Als ich an jenem Abend heimkehrte, strahlte ich von einem neuen Gefühl des Stolzes und der Freude. Der Sturm in mir hatte mein ganzes Wesen aufgewühlt und seinen Schwerpunkt verschoben. Wie die Jungfrauen der alten Griechen hätte ich gern meine langen, glänzenden Flechten abgeschnitten, um eine Bogensehne für meinen Helden daraus zu machen. Wenn mein äußerer Schmuck mit meinen Gefühlen in Verbindung gestanden hätte, so würden Halsband und Armspangen ihren Verschluß gesprengt und sich wie ein Schauer von Meteoren über die Versammlung ergossen haben. Ich fühlte, daß ich ein persönliches Opfer bringen mußte, um den Sturm der leidenschaftlichen Erregung in mir aushalten zu können.

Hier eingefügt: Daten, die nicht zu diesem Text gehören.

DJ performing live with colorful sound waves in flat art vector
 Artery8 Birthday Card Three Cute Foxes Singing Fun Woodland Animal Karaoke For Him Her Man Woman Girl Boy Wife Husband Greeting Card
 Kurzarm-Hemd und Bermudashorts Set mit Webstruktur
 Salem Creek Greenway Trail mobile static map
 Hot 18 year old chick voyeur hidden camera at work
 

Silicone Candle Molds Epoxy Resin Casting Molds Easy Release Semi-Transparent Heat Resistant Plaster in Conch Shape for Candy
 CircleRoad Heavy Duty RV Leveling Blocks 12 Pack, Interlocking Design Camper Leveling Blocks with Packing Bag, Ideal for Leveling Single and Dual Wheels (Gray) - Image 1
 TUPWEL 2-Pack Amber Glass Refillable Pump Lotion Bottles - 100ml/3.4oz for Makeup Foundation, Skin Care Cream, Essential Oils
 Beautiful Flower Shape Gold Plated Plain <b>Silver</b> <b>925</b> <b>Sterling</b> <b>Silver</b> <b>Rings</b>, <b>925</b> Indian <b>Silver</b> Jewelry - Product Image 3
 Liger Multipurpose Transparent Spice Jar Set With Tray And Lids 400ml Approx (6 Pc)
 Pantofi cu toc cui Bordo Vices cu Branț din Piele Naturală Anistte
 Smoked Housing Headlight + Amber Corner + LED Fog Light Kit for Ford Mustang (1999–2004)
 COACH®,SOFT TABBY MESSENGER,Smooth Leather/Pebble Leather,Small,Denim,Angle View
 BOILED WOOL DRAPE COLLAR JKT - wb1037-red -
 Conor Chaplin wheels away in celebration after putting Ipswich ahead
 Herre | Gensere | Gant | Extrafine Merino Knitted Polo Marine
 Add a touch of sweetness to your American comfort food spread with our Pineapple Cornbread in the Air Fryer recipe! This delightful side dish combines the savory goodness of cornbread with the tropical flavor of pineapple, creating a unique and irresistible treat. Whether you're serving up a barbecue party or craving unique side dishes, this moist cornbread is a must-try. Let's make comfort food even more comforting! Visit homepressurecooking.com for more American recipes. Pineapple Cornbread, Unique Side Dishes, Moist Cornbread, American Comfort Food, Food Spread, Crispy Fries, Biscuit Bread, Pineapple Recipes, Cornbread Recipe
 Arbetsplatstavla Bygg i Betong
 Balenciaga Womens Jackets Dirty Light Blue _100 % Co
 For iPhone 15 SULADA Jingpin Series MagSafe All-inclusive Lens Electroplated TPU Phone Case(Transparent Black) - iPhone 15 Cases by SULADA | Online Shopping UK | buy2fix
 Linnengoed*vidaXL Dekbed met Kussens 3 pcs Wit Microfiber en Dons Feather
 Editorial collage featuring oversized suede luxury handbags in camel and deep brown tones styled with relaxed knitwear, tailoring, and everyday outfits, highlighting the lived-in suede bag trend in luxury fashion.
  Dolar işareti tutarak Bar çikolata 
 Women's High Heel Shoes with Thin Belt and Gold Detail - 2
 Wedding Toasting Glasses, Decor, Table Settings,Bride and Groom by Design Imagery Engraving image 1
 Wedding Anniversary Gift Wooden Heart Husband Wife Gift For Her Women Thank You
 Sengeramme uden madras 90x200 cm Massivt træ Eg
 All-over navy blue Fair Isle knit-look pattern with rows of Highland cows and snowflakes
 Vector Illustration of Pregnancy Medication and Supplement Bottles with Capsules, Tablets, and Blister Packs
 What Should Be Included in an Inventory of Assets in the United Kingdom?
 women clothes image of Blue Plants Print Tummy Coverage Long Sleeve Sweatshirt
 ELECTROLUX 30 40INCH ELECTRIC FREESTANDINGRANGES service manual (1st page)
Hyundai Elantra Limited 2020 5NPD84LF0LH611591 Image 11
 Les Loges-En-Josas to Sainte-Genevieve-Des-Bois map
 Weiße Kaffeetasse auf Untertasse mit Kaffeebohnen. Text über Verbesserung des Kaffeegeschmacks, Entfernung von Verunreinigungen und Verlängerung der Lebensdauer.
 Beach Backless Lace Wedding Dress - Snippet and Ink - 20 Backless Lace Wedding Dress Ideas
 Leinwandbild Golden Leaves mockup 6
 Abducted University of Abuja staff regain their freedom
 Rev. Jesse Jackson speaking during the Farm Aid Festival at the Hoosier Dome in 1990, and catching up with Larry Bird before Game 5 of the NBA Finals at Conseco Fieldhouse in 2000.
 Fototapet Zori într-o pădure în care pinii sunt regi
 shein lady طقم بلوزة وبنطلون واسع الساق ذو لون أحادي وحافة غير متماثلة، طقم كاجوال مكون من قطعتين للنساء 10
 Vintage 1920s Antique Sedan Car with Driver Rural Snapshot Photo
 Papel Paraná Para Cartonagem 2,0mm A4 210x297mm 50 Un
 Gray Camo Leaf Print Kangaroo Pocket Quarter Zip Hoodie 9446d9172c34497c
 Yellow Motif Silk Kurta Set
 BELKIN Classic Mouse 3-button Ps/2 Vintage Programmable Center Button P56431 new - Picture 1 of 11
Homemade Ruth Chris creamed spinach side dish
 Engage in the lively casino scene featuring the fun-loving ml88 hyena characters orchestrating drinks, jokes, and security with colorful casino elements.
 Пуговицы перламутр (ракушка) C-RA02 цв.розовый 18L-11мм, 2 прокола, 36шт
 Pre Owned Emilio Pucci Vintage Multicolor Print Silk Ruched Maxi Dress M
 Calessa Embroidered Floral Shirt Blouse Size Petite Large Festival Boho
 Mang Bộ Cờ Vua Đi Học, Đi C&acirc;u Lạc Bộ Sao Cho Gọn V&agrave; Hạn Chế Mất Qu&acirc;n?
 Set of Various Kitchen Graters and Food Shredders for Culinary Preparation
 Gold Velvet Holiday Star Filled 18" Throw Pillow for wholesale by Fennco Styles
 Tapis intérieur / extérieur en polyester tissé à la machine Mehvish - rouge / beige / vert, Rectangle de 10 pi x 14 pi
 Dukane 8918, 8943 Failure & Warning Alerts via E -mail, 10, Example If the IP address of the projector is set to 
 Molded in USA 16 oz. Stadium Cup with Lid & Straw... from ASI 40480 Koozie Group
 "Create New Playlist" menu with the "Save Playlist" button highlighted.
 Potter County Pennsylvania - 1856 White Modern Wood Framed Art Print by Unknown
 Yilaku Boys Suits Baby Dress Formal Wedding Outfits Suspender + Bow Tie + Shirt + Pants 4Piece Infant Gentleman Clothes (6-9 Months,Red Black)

Als mein Gatte später nach Hause kam, zitterte ich vor Angst, er könne etwas sagen, was mit dem Siegeslied, das noch in meinen Ohren klang, in Disharmonie wäre; ich fürchtete, sein Wahrheitsfanatismus könne ihn verleiten, sich über irgend etwas, was am Nachmittag gesagt war, mißbilligend zu äußern. Denn dann würde ich ihm offen getrotzt und ihn gedemütigt haben. Aber er sagte kein Wort... und dies war mir auch nicht recht. Er hätte sagen sollen: »Sandip hat mich zur Vernunft gebracht. Jetzt sehe ich ein, wie sehr ich mich diese ganze Zeit geirrt habe.«

Ich hatte das Gefühl, daß er aus Ärger und Bosheit schwieg, daß er sich eigensinnig der Begeisterung verschloß. Ich fragte ihn, wie lange Sandip Babu bei uns bleiben würde.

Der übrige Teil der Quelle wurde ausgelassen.